The data
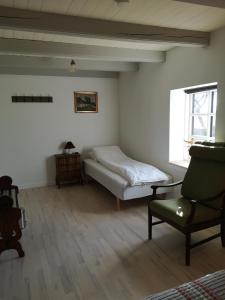 瓦埃勒Bøgehus的卧室配有床、椅子和窗户。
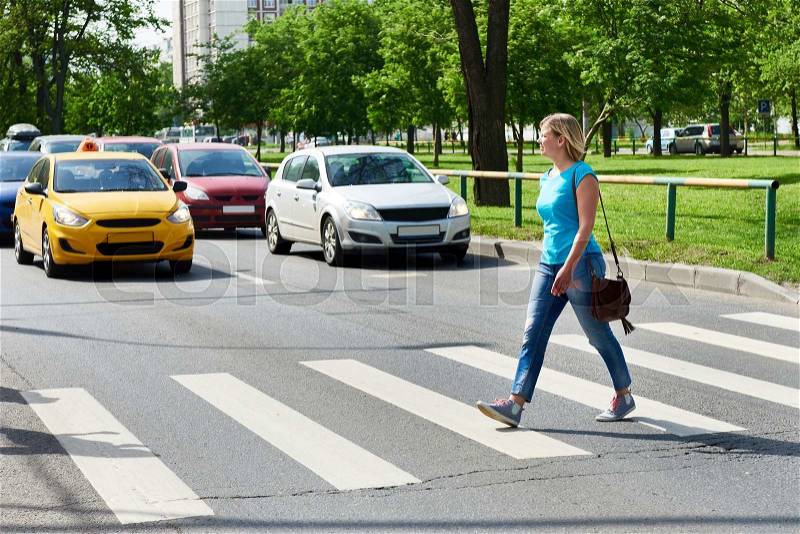 Woman crossing the street at a pedestrian crossing, stock photo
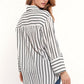 White shirt with black stripes and chest pockets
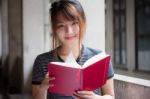 Portrait Of Thai Adult Beautiful Girl Reading Red Book Stock Photo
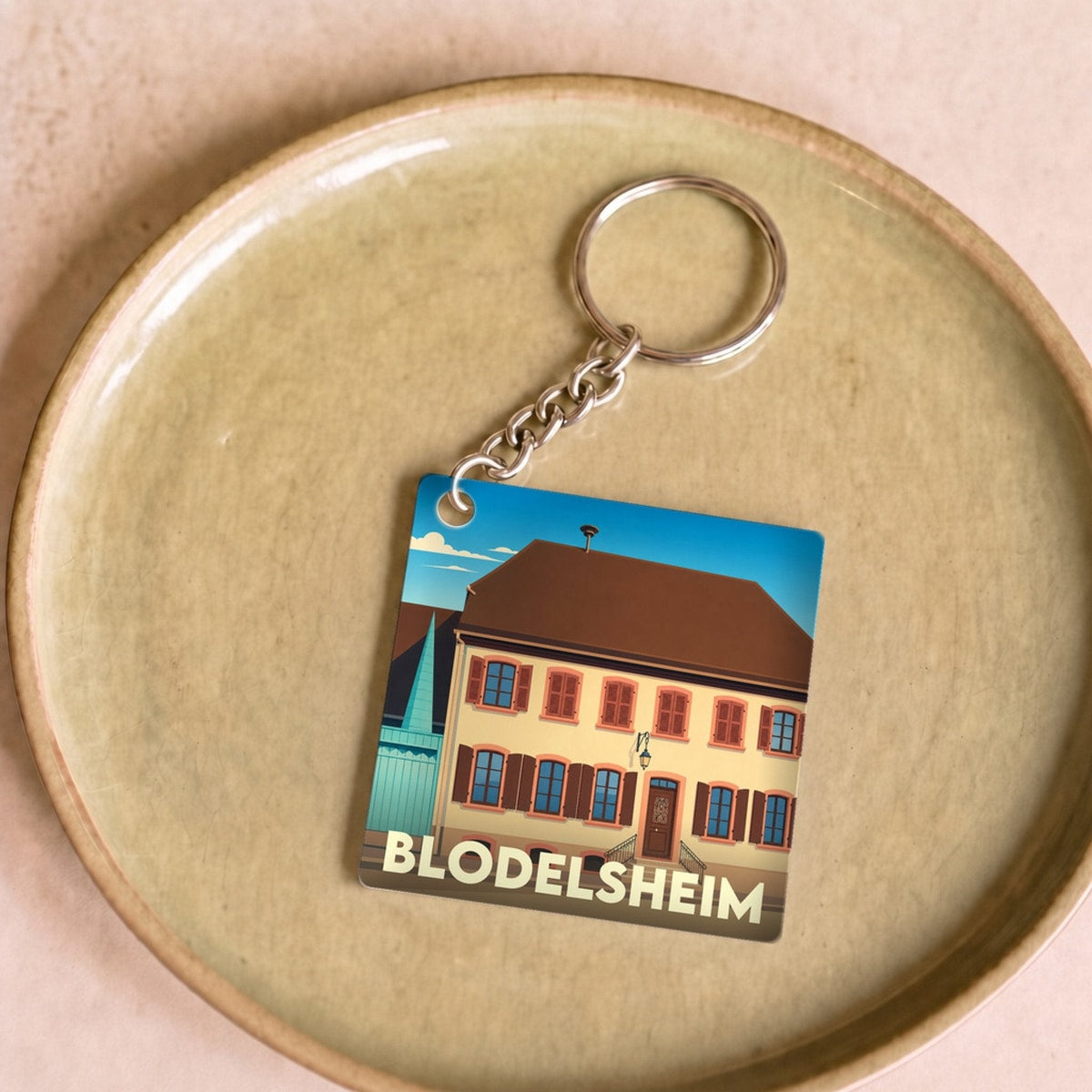 Porte-clés souvenir de la ville de Blodelsheim avec une illustration stylisée d'un bâtiment traditionnel.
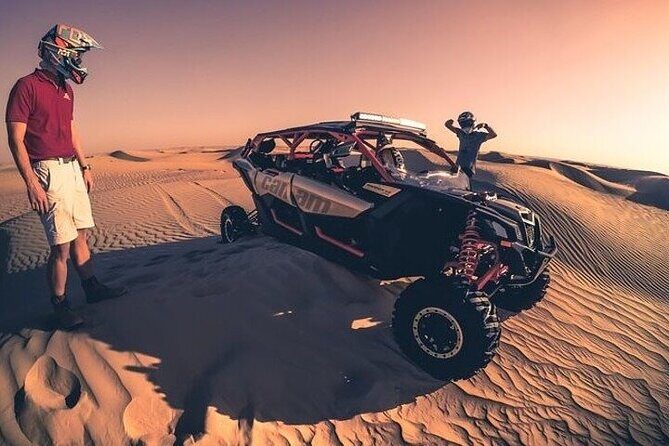 Red Sand desert safari with Quadbike option - Camel ride + the 4x4 dune bashing run (where people feel it)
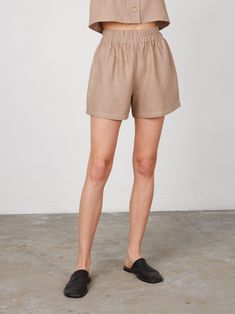 "ISLA is a high waist linen shorts. DETAILS - High waist - Elasticated waist - Side seam pockets - Oeko-Tex certified 100% lightweight linen - Cut and sewn to order just for you in our studio COLOR - Sand Brown, you can also choose other colors above - Fabric samples are available here https://www.etsy.com/listing/586569696/linen-fabric-samples SIZING & FIT - Fits true to size - Model is 5'10\" / 178cm tall and wears size S CARE FOR LINEN - Machine wash up to 30ºC/86ºF gentle cycle - Lay flat to dry or tumble dry low - Warm iron if needed - Do not bleach SIZE GUIDE Size conversion guide Size XS (US 0-2, IT 36-38, UK 4-6, Japan 3-5, France 32-34) Size S (US 4-6, IT 40-42, UK 8-10, Japan 7-9, France 36-38) Size M (US 8-10, IT 44-46, UK 12-14, Japan 11-13, France 40-42) Size L (US 12-14, IT 4 Linen Crop Top, Linen Tank Top, Linen Tank, Bolero Jacket, Linen Shorts, Sleeveless Blouse, Linen Pants, Handmade Clothes, Fabric Samples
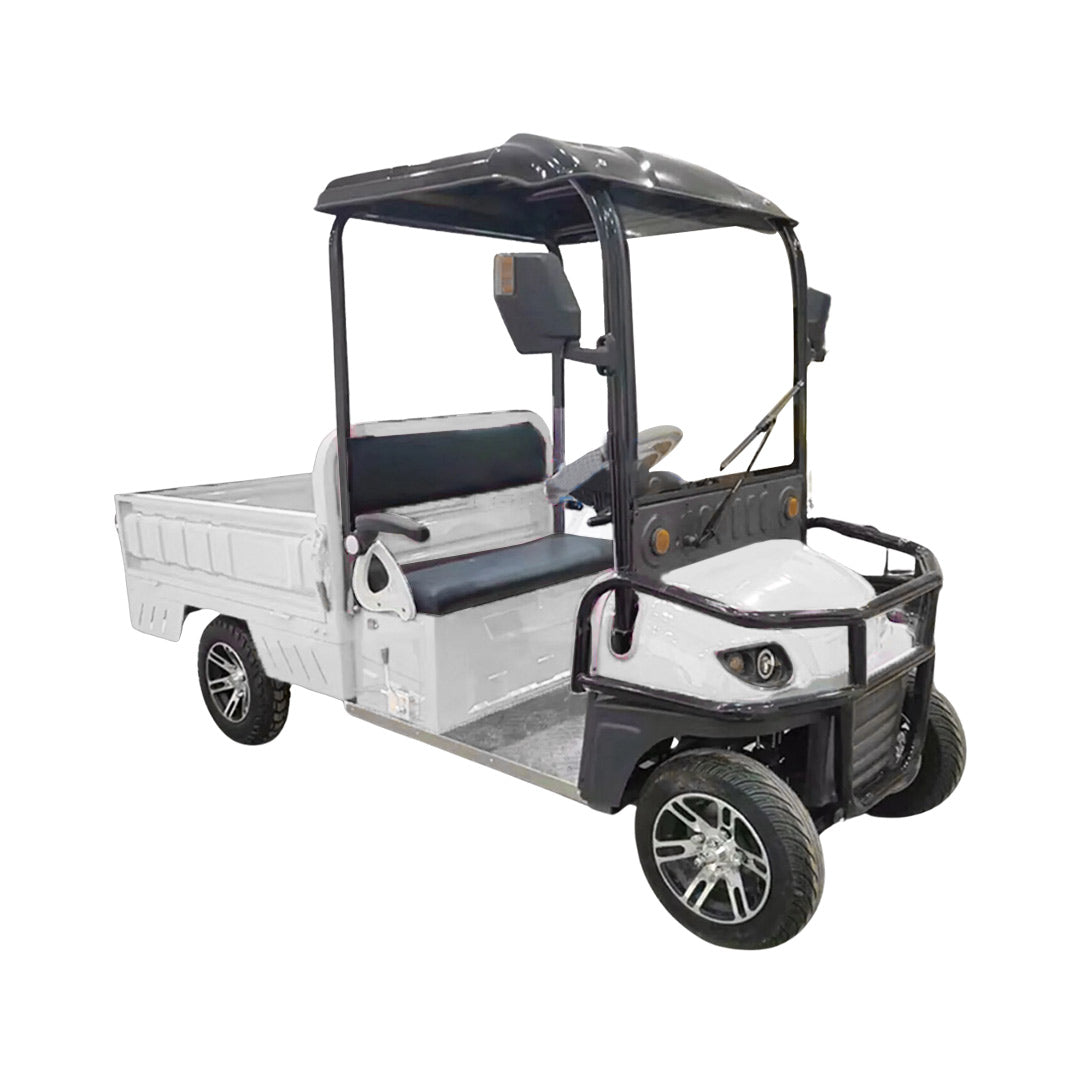 ocean cartz three-quarter front studio shot of a white utility electric vehicle with a short flatbed, set against a pure white background. This two-seater electric work cart features a black roof, black seats, a black front brush guard, and a small windshield with a wiper. The electric utility truck has custom silver alloy wheels and is designed for commercial hauling and property maintenance tasks.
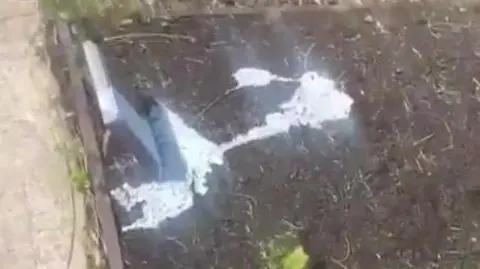 A small gravestone with paint splashed over it 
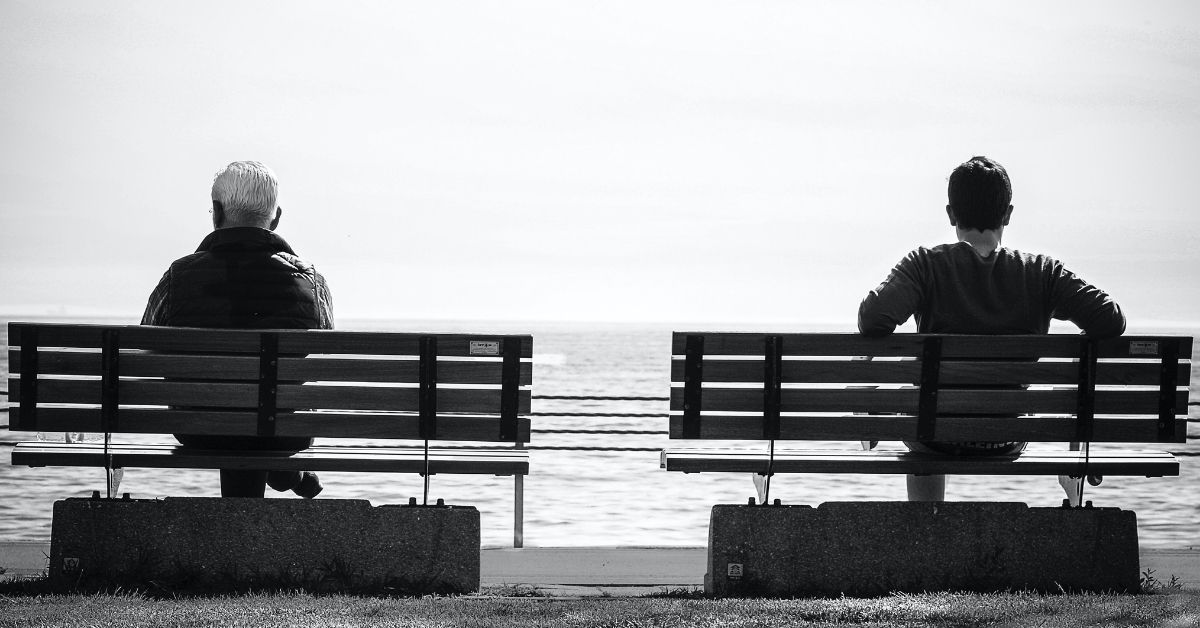 two men sitting on separate park benches gazing forward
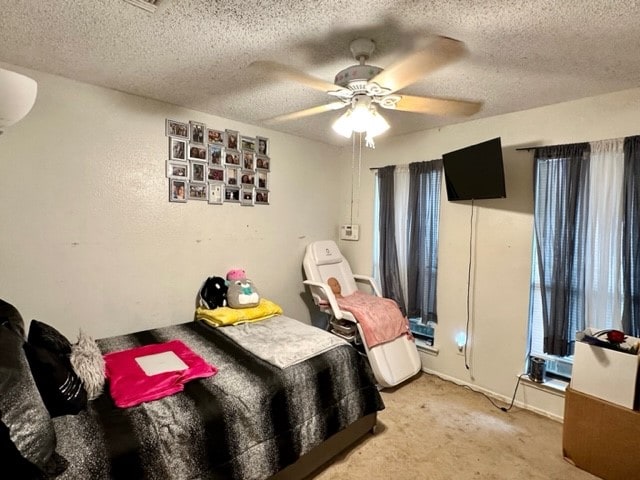 bedroom with ceiling fan, a textured ceiling, and light carpet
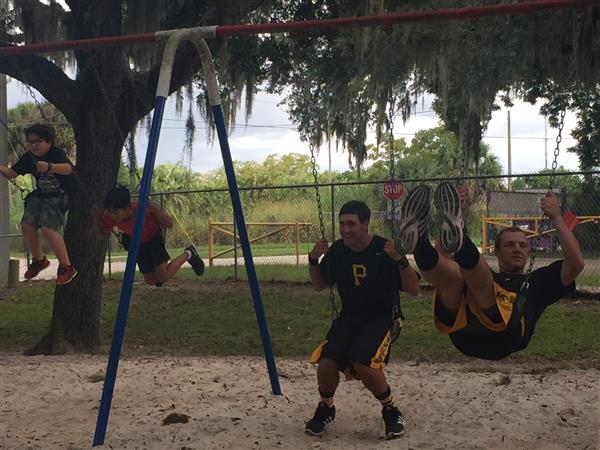 two Pirates baseball players on swing set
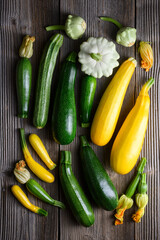 Different kind zucchini, pattypan squash and zucchini flowers on rustic wooden table. Aesthetic...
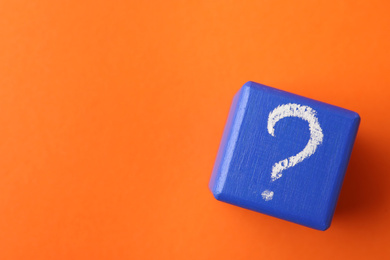Photo of Blue wooden cube with question mark on orange background, top view. Space for text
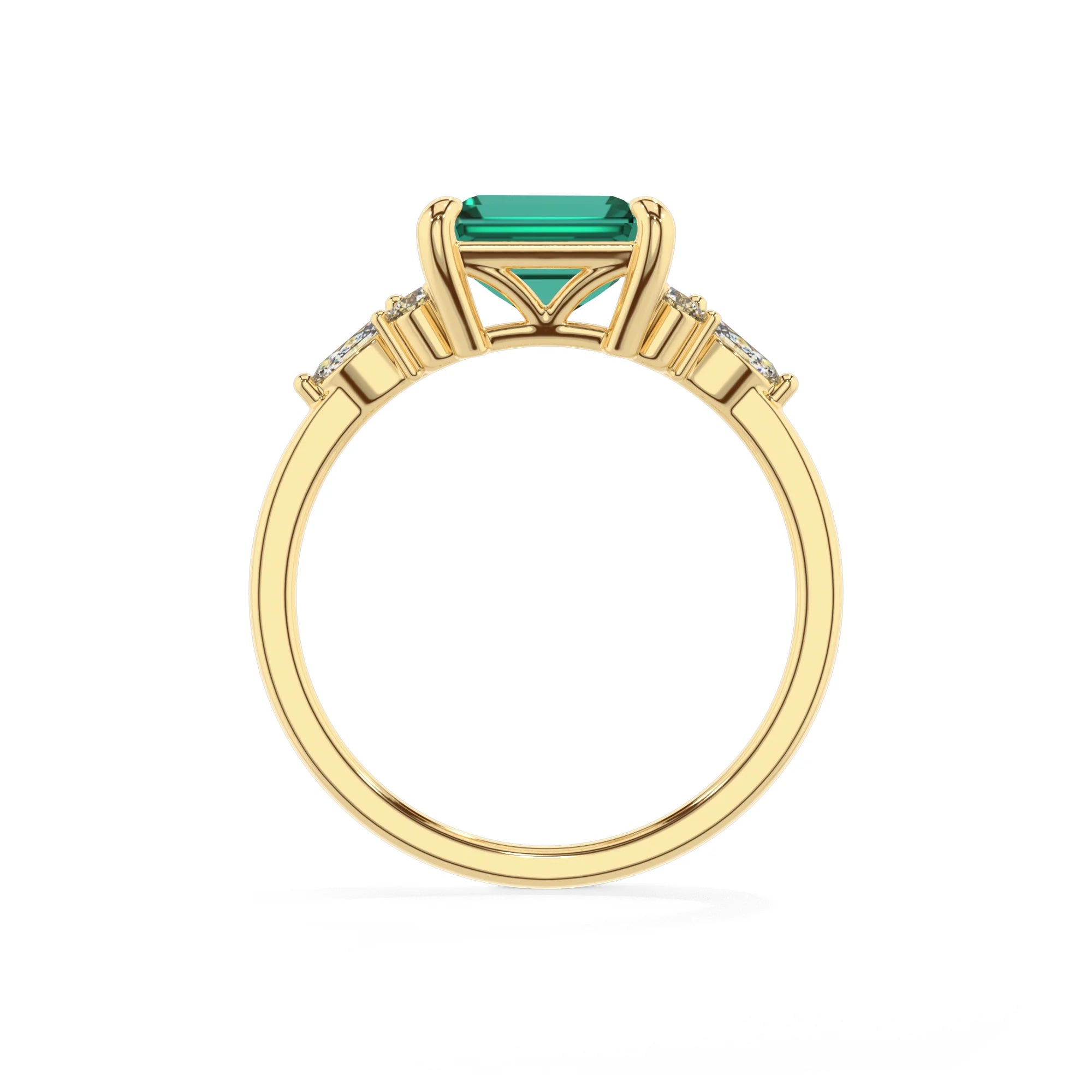 lab grown emerald octogon cut solitaire rings in yellow gold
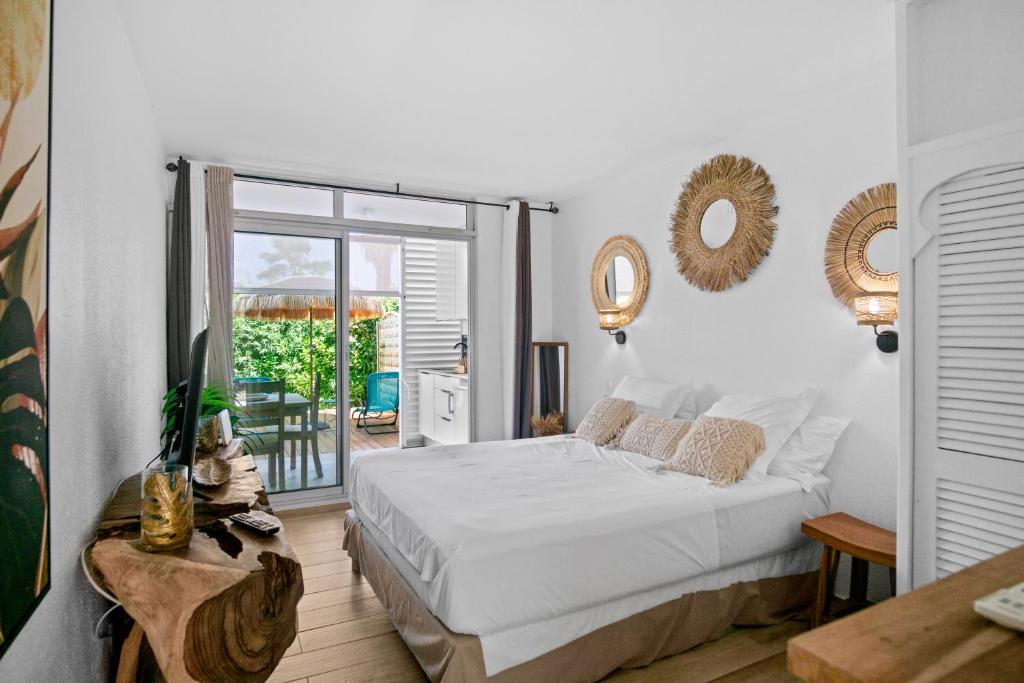 a bedroom with a bed and a sliding glass door at Studio Sunshine in Le Diamant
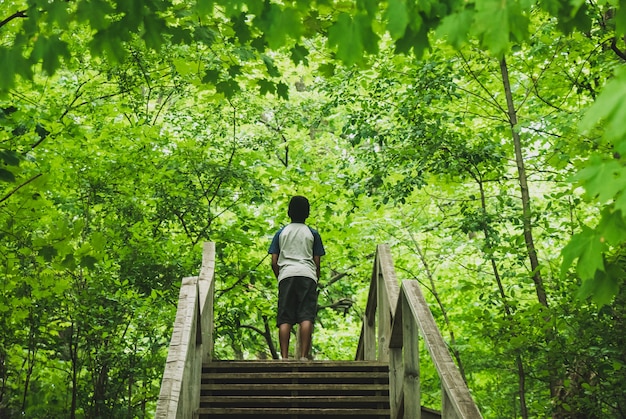 Jongen staat in een jungle met groene bladeren rondom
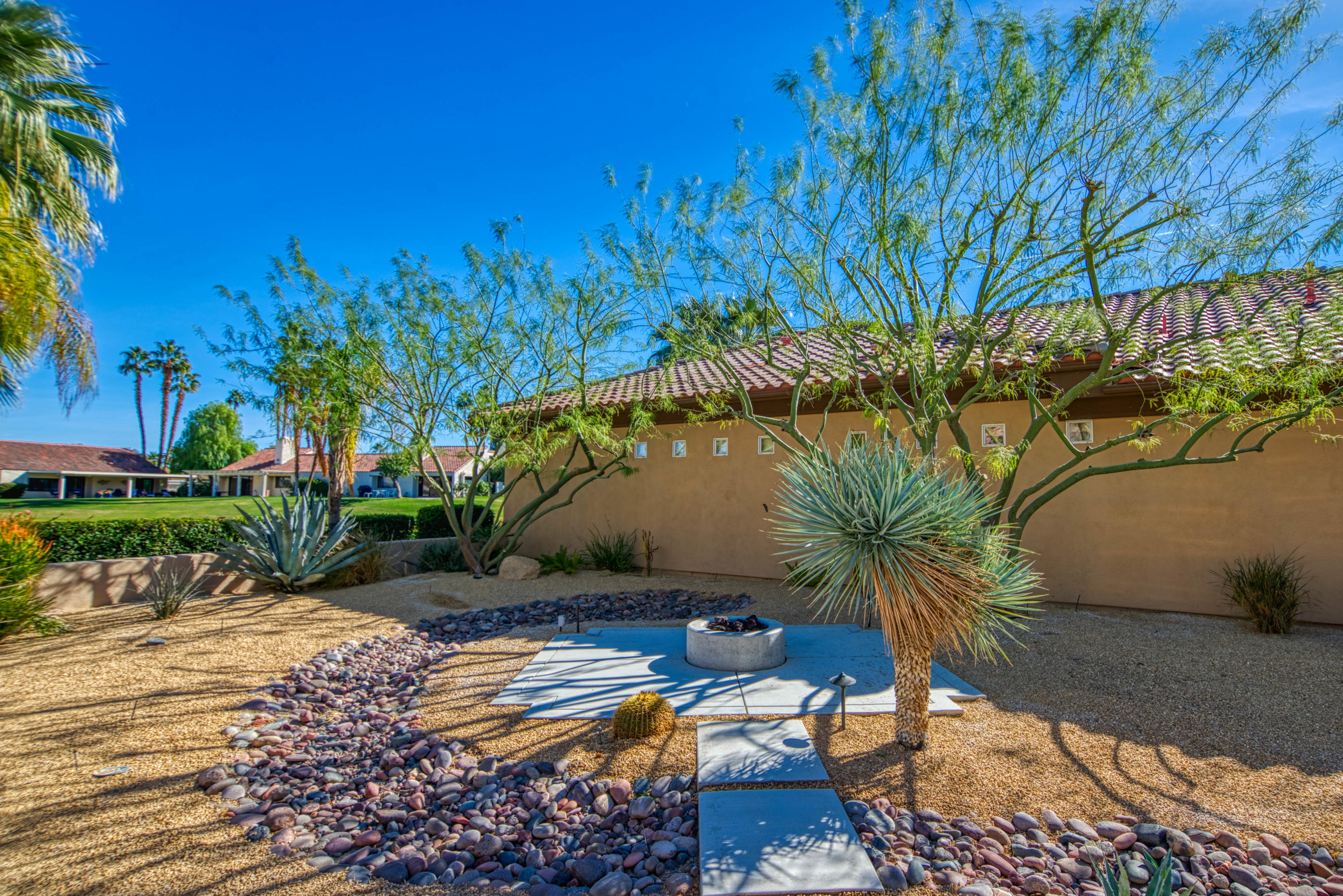 13 Wimbledon Circle Rancho Mirage, CA 92270 - Photo 21 of 62 a view of a backyard
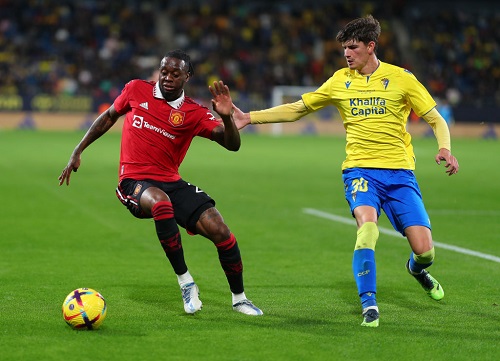 Wan Bissaka (left) has the upperhand in this tussle with a Cadiz player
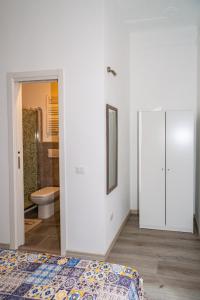 a white bedroom with a bed and a bathroom at shelley affittacamere in La Spezia +15 photos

Exercise details
Set down the records again verbatim, with no pictures.

Answer below
 瓦埃勒Bøgehus的卧室配有床、椅子和窗户。
 Woman crossing the street at a pedestrian crossing, stock photo
 White shirt with black stripes and chest pockets
 Portrait Of Thai Adult Beautiful Girl Reading Red Book Stock Photo
 Porte-clés souvenir de la ville de Blodelsheim avec une illustration stylisée d'un bâtiment traditionnel.
 Red Sand desert safari with Quadbike option - Camel ride + the 4x4 dune bashing run (where people feel it)
 "ISLA is a high waist linen shorts. DETAILS - High waist - Elasticated waist - Side seam pockets - Oeko-Tex certified 100% lightweight linen - Cut and sewn to order just for you in our studio COLOR - Sand Brown, you can also choose other colors above - Fabric samples are available here https://www.etsy.com/listing/586569696/linen-fabric-samples SIZING & FIT - Fits true to size - Model is 5'10\" / 178cm tall and wears size S CARE FOR LINEN - Machine wash up to 30ºC/86ºF gentle cycle - Lay flat to dry or tumble dry low - Warm iron if needed - Do not bleach SIZE GUIDE Size conversion guide Size XS (US 0-2, IT 36-38, UK 4-6, Japan 3-5, France 32-34) Size S (US 4-6, IT 40-42, UK 8-10, Japan 7-9, France 36-38) Size M (US 8-10, IT 44-46, UK 12-14, Japan 11-13, France 40-42) Size L (US 12-14, IT 4 Linen Crop Top, Linen Tank Top, Linen Tank, Bolero Jacket, Linen Shorts, Sleeveless Blouse, Linen Pants, Handmade Clothes, Fabric Samples
 ocean cartz three-quarter front studio shot of a white utility electric vehicle with a short flatbed, set against a pure white background. This two-seater electric work cart features a black roof, black seats, a black front brush guard, and a small windshield with a wiper. The electric utility truck has custom silver alloy wheels and is designed for commercial hauling and property maintenance tasks.
 A small gravestone with paint splashed over it 
 two men sitting on separate park benches gazing forward
 bedroom with ceiling fan, a textured ceiling, and light carpet
 two Pirates baseball players on swing set
 Different kind zucchini, pattypan squash and zucchini flowers on rustic wooden table. Aesthetic...
Photo of Blue wooden cube with question mark on orange background, top view. Space for text
 lab grown emerald octogon cut solitaire rings in yellow gold
 a bedroom with a bed and a sliding glass door at Studio Sunshine in Le Diamant
 Jongen staat in een jungle met groene bladeren rondom
 13 Wimbledon Circle Rancho Mirage, CA 92270 - Photo 21 of 62 a view of a backyard
 Wan Bissaka (left) has the upperhand in this tussle with a Cadiz player
 a white bedroom with a bed and a bathroom at shelley affittacamere in La Spezia +15 photos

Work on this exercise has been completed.